We have an exciting week coming up. We leave for Tampa to help welcome a new baby to the family. Elizabeth has been very healthy---though tired and uncomfortable---so we have every reason to believe that Christian will arrive in fine and healthy fashion. Our job is to care for Alexander while his family is in the hospital and to help out a few days after they return home. It is a privilege for us, and we are very excited. Elizabeth has a birthday the day after Christian is scheduled to arrive, so I remember what it's like to have a newborn at Christmas time. (It's kind of wonderful that first year; after that, it gets very hectic!)

Tuesday, November 18, 2008

Long, Dry Spell

Blogwise, I've just been uninspired. We've been busy---traveling, taking care of family, working, keeping up with the young Roneys and the Castros, playing---oh, always playing---and we have such fun. I don't want to write about the sadness--- Mother's decline and the loss of a dear friend too quickly to cancer.
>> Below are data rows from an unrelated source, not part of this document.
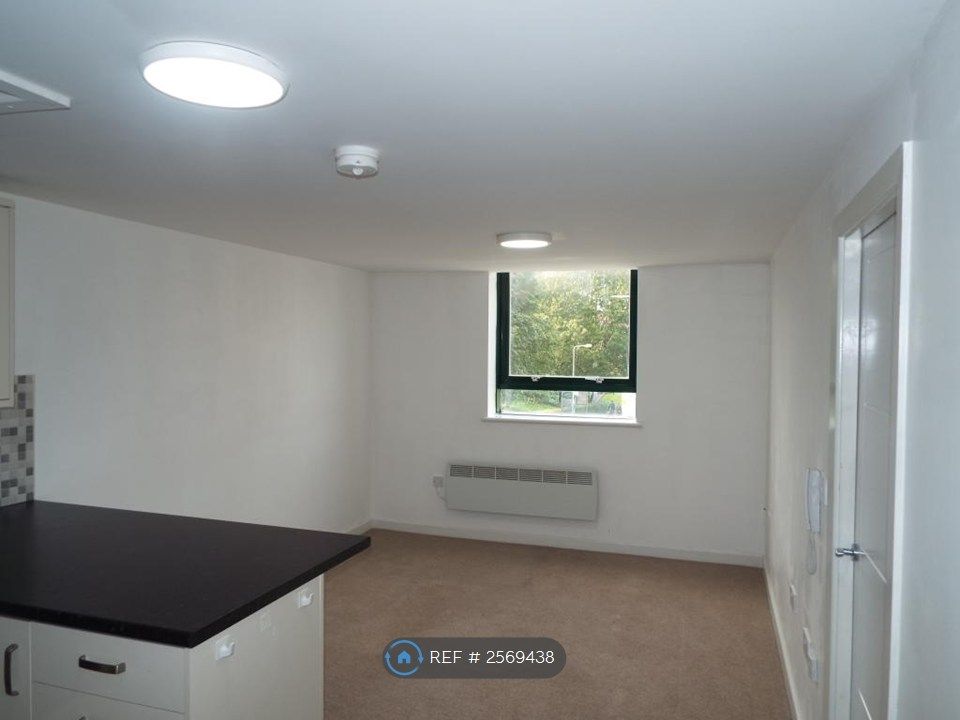 Property photo 3 of 9 Living Room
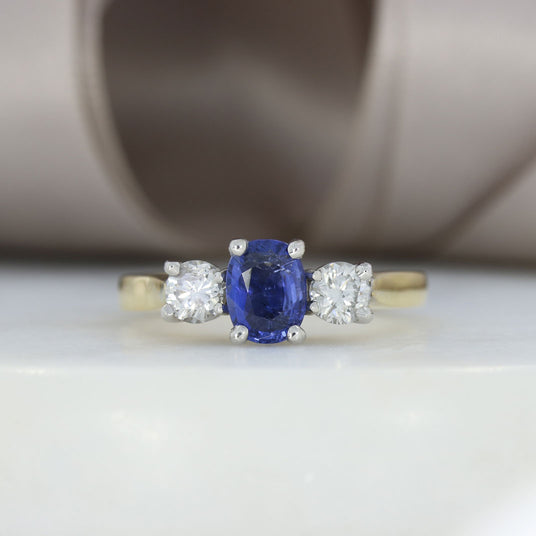 18ct Yellow Gold Oval Sapphire & Diamond 3 Stone Ring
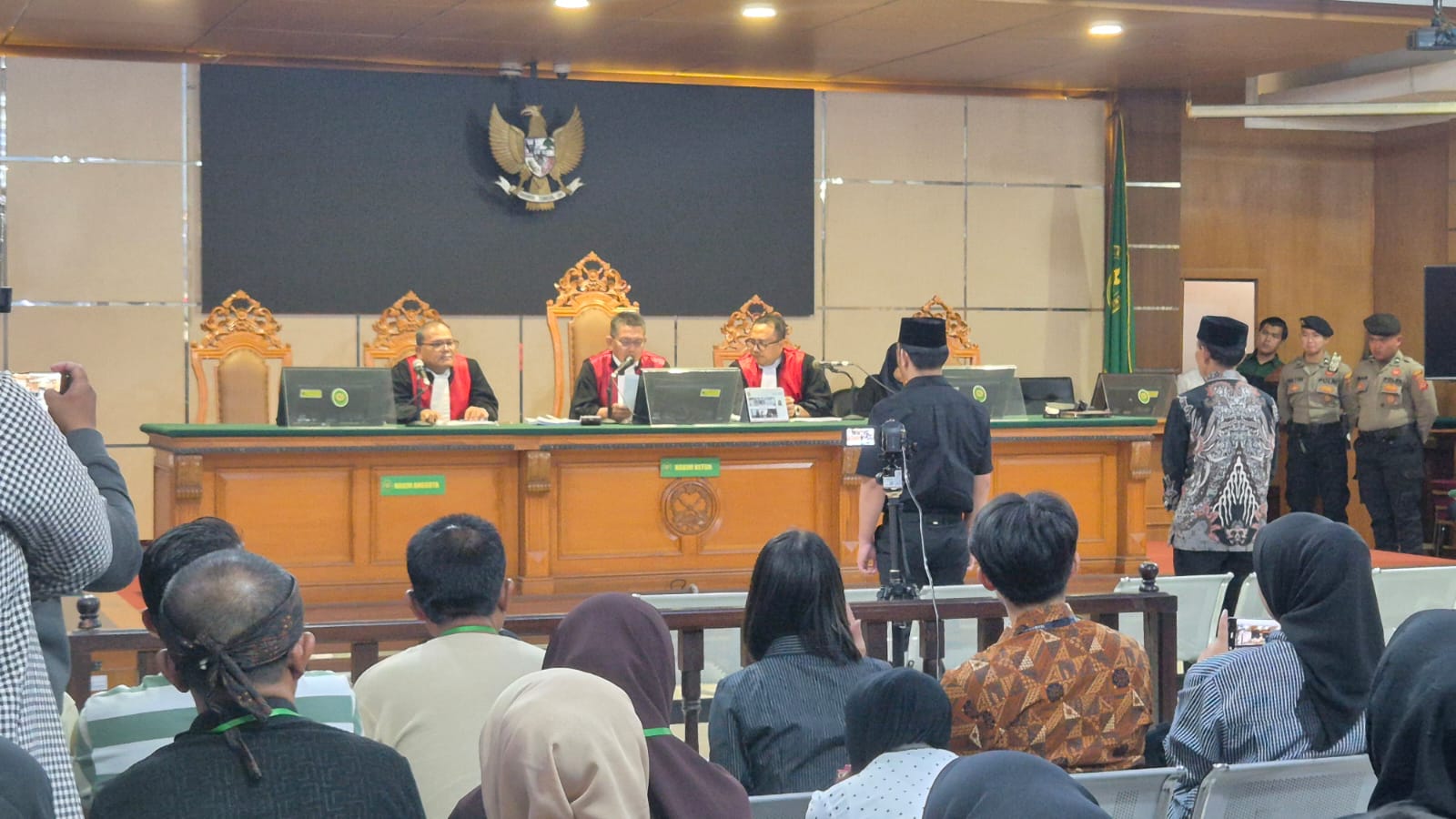 Sempat Disita KPK, Hakim Perintahkan Barang Bukti Milik Mstri Ono Surono Dikembalikan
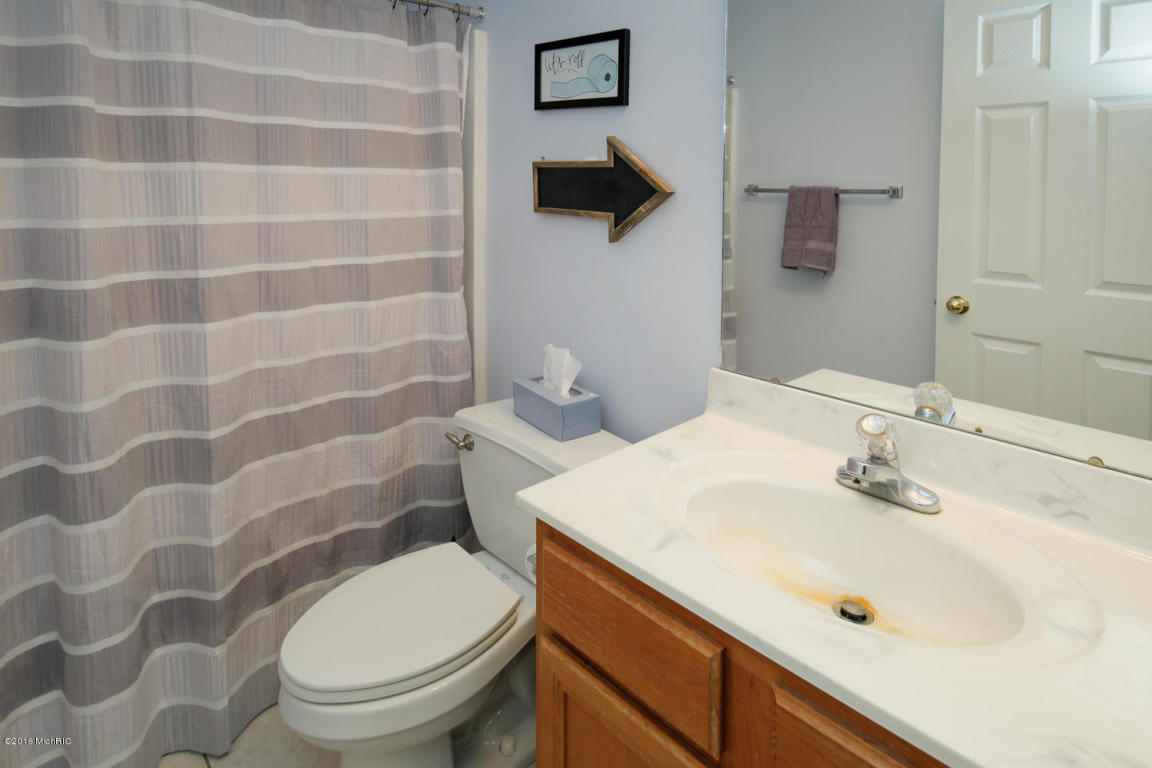 41580 Robin St, Mattawan, MI 49071 photo 18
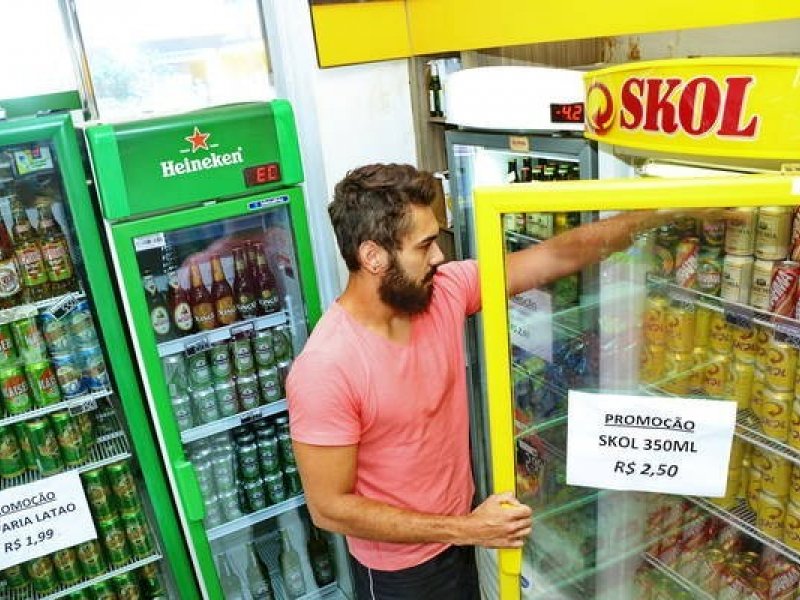 Imagem de Lei que proíbe venda de bebidas em postos de combustíveis de Salvador é inconstitucional, diz relator 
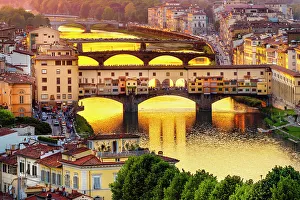 Ponte Vecchio, Florence, Tuscany, Italy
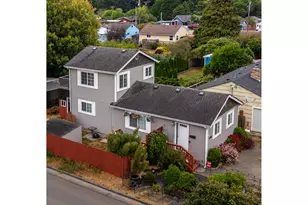 1080 State St, North Bend, OR 97459 - Photo 1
Here's what we've been doing since late September---in pictures and a little prose. Brooks came to visit. At 32 months, he is a little sponge, and he is pretty cute saying the Pledge of Allegiance! We think he will be reading before long.

And sometimes Alexander gets to visit though he has to come all the way from Tampa. He loves the dogs, and he likes to move very fast! At 22 months, he is saying a few words in Portuguese and English.

We like Alexander's mom a lot, too! She is a little uncomfortable these days as we wait for the arrival of Christian in about three weeks.

These are our two lovely, young, pregnant mothers who were forced by their rambunctious little boys to get up way too early!

And then there was our trip to Apalachicola in early October. Six couples + incredible accommodations + a few motorcycles + a river view + great dining + tattoos + lots of laughter = lots and lots of fun.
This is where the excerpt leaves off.